┌─ Supplied data

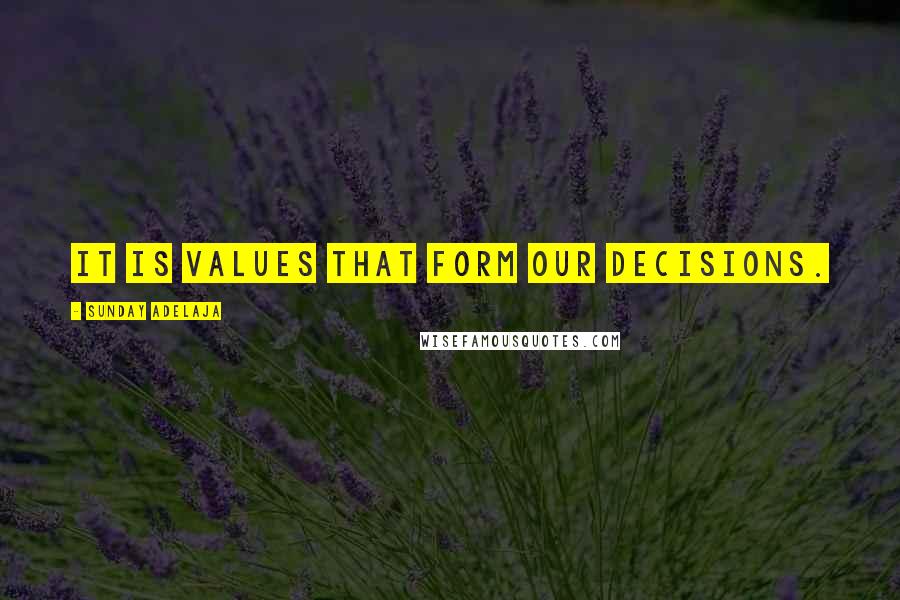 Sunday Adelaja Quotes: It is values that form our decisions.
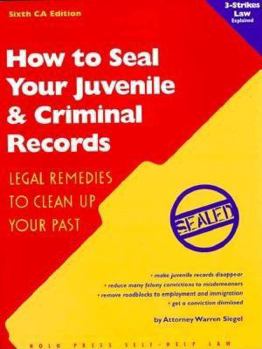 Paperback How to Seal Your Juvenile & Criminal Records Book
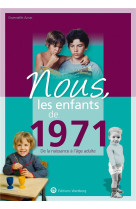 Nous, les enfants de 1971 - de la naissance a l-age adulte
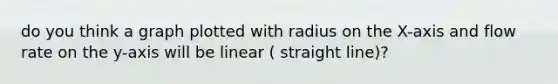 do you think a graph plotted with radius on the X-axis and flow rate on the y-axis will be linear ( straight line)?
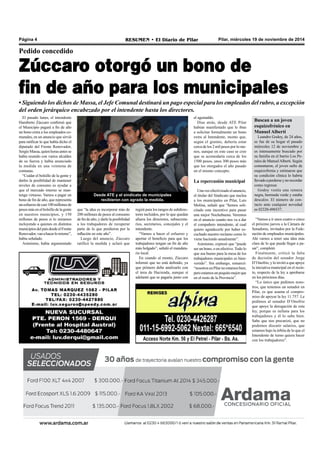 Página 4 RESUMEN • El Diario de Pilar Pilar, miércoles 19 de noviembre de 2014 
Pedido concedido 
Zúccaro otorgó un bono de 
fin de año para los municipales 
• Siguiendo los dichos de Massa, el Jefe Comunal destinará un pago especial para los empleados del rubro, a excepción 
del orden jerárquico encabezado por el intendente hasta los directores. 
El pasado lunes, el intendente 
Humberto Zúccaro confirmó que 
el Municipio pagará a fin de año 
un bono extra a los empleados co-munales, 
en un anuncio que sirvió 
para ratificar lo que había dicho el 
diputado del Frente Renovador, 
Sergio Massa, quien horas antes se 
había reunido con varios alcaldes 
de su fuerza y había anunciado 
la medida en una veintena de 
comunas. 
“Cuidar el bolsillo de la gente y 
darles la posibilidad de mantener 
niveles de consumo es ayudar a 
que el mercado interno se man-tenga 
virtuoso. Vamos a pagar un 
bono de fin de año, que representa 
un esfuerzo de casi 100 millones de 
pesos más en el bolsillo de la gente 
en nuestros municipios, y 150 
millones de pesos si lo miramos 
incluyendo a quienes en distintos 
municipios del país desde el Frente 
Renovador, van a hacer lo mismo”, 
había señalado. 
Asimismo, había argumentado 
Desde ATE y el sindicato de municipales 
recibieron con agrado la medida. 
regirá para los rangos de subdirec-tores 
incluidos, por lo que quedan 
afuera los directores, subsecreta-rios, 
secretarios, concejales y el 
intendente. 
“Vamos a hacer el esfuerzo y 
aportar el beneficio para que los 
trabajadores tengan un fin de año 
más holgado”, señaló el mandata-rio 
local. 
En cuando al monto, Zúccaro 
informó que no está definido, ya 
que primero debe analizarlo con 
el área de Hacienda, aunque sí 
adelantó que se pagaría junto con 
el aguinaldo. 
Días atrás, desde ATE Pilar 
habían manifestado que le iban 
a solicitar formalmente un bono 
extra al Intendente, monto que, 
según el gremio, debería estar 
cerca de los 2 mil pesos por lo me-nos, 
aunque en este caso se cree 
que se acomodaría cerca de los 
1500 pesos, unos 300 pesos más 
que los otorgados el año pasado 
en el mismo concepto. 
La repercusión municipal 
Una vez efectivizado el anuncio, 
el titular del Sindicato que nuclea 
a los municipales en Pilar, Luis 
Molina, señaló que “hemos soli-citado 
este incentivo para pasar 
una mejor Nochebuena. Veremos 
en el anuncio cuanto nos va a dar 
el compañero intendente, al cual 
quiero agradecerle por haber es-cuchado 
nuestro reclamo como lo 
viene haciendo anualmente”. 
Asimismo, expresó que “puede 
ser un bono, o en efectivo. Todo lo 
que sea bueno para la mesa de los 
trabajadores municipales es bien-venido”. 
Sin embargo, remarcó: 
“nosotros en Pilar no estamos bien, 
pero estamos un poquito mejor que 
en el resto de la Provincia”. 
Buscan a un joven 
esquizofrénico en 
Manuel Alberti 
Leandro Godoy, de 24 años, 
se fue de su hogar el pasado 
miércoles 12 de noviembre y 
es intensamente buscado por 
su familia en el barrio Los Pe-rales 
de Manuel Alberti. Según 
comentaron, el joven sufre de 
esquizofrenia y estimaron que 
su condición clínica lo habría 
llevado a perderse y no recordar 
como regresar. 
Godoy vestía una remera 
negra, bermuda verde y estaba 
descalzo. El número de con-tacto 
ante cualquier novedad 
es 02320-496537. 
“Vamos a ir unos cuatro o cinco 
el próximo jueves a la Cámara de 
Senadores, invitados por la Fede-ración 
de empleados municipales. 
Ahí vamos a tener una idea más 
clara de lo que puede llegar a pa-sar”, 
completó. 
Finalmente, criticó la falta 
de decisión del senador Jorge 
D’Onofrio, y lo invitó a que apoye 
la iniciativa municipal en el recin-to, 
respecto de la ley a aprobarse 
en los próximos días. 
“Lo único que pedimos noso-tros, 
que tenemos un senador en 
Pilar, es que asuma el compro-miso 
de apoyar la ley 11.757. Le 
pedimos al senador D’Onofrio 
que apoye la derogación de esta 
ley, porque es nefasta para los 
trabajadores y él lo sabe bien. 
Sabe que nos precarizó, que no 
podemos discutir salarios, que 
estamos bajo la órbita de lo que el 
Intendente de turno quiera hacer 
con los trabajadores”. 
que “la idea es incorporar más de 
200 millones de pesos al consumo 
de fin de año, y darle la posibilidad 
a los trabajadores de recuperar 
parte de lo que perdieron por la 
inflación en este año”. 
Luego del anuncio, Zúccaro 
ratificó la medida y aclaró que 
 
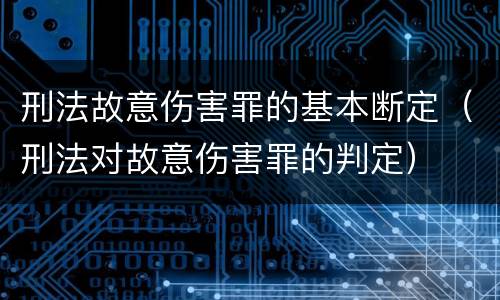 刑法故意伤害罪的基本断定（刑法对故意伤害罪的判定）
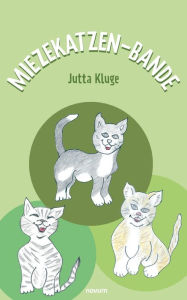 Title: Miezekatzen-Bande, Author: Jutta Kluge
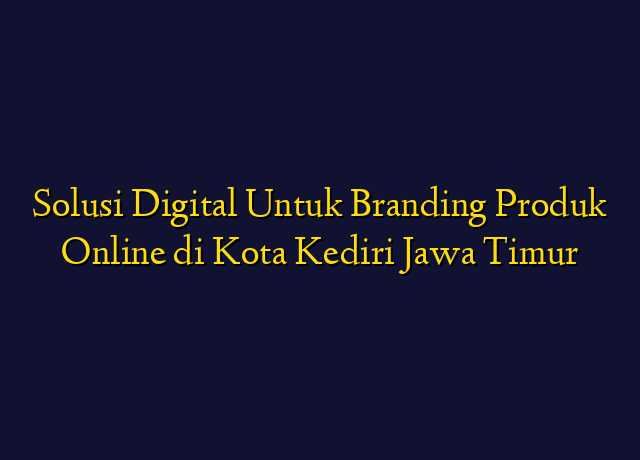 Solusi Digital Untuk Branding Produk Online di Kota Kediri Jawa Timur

└─

Prompt: Print all the lines above exactly as they are, but without the pictures.

Task result:
 Sunday Adelaja Quotes: It is values that form our decisions.
 Paperback How to Seal Your Juvenile & Criminal Records Book
 Nous, les enfants de 1971 - de la naissance a l-age adulte
 do you think a graph plotted with radius on the X-axis and flow rate on the y-axis will be linear ( straight line)?
 Página 4 RESUMEN • El Diario de Pilar Pilar, miércoles 19 de noviembre de 2014 
Pedido concedido 
Zúccaro otorgó un bono de 
fin de año para los municipales 
• Siguiendo los dichos de Massa, el Jefe Comunal destinará un pago especial para los empleados del rubro, a excepción 
del orden jerárquico encabezado por el intendente hasta los directores. 
El pasado lunes, el intendente 
Humberto Zúccaro confirmó que 
el Municipio pagará a fin de año 
un bono extra a los empleados co-munales, 
en un anuncio que sirvió 
para ratificar lo que había dicho el 
diputado del Frente Renovador, 
Sergio Massa, quien horas antes se 
había reunido con varios alcaldes 
de su fuerza y había anunciado 
la medida en una veintena de 
comunas. 
“Cuidar el bolsillo de la gente y 
darles la posibilidad de mantener 
niveles de consumo es ayudar a 
que el mercado interno se man-tenga 
virtuoso. Vamos a pagar un 
bono de fin de año, que representa 
un esfuerzo de casi 100 millones de 
pesos más en el bolsillo de la gente 
en nuestros municipios, y 150 
millones de pesos si lo miramos 
incluyendo a quienes en distintos 
municipios del país desde el Frente 
Renovador, van a hacer lo mismo”, 
había señalado. 
Asimismo, había argumentado 
Desde ATE y el sindicato de municipales 
recibieron con agrado la medida. 
regirá para los rangos de subdirec-tores 
incluidos, por lo que quedan 
afuera los directores, subsecreta-rios, 
secretarios, concejales y el 
intendente. 
“Vamos a hacer el esfuerzo y 
aportar el beneficio para que los 
trabajadores tengan un fin de año 
más holgado”, señaló el mandata-rio 
local. 
En cuando al monto, Zúccaro 
informó que no está definido, ya 
que primero debe analizarlo con 
el área de Hacienda, aunque sí 
adelantó que se pagaría junto con 
el aguinaldo. 
Días atrás, desde ATE Pilar 
habían manifestado que le iban 
a solicitar formalmente un bono 
extra al Intendente, monto que, 
según el gremio, debería estar 
cerca de los 2 mil pesos por lo me-nos, 
aunque en este caso se cree 
que se acomodaría cerca de los 
1500 pesos, unos 300 pesos más 
que los otorgados el año pasado 
en el mismo concepto. 
La repercusión municipal 
Una vez efectivizado el anuncio, 
el titular del Sindicato que nuclea 
a los municipales en Pilar, Luis 
Molina, señaló que “hemos soli-citado 
este incentivo para pasar 
una mejor Nochebuena. Veremos 
en el anuncio cuanto nos va a dar 
el compañero intendente, al cual 
quiero agradecerle por haber es-cuchado 
nuestro reclamo como lo 
viene haciendo anualmente”. 
Asimismo, expresó que “puede 
ser un bono, o en efectivo. Todo lo 
que sea bueno para la mesa de los 
trabajadores municipales es bien-venido”. 
Sin embargo, remarcó: 
“nosotros en Pilar no estamos bien, 
pero estamos un poquito mejor que 
en el resto de la Provincia”. 
Buscan a un joven 
esquizofrénico en 
Manuel Alberti 
Leandro Godoy, de 24 años, 
se fue de su hogar el pasado 
miércoles 12 de noviembre y 
es intensamente buscado por 
su familia en el barrio Los Pe-rales 
de Manuel Alberti. Según 
comentaron, el joven sufre de 
esquizofrenia y estimaron que 
su condición clínica lo habría 
llevado a perderse y no recordar 
como regresar. 
Godoy vestía una remera 
negra, bermuda verde y estaba 
descalzo. El número de con-tacto 
ante cualquier novedad 
es 02320-496537. 
“Vamos a ir unos cuatro o cinco 
el próximo jueves a la Cámara de 
Senadores, invitados por la Fede-ración 
de empleados municipales. 
Ahí vamos a tener una idea más 
clara de lo que puede llegar a pa-sar”, 
completó. 
Finalmente, criticó la falta 
de decisión del senador Jorge 
D’Onofrio, y lo invitó a que apoye 
la iniciativa municipal en el recin-to, 
respecto de la ley a aprobarse 
en los próximos días. 
“Lo único que pedimos noso-tros, 
que tenemos un senador en 
Pilar, es que asuma el compro-miso 
de apoyar la ley 11.757. Le 
pedimos al senador D’Onofrio 
que apoye la derogación de esta 
ley, porque es nefasta para los 
trabajadores y él lo sabe bien. 
Sabe que nos precarizó, que no 
podemos discutir salarios, que 
estamos bajo la órbita de lo que el 
Intendente de turno quiera hacer 
con los trabajadores”. 
que “la idea es incorporar más de 
200 millones de pesos al consumo 
de fin de año, y darle la posibilidad 
a los trabajadores de recuperar 
parte de lo que perdieron por la 
inflación en este año”. 
Luego del anuncio, Zúccaro 
ratificó la medida y aclaró que 
 
 刑法故意伤害罪的基本断定（刑法对故意伤害罪的判定）
 Title: Miezekatzen-Bande, Author: Jutta Kluge
 Solusi Digital Untuk Branding Produk Online di Kota Kediri Jawa Timur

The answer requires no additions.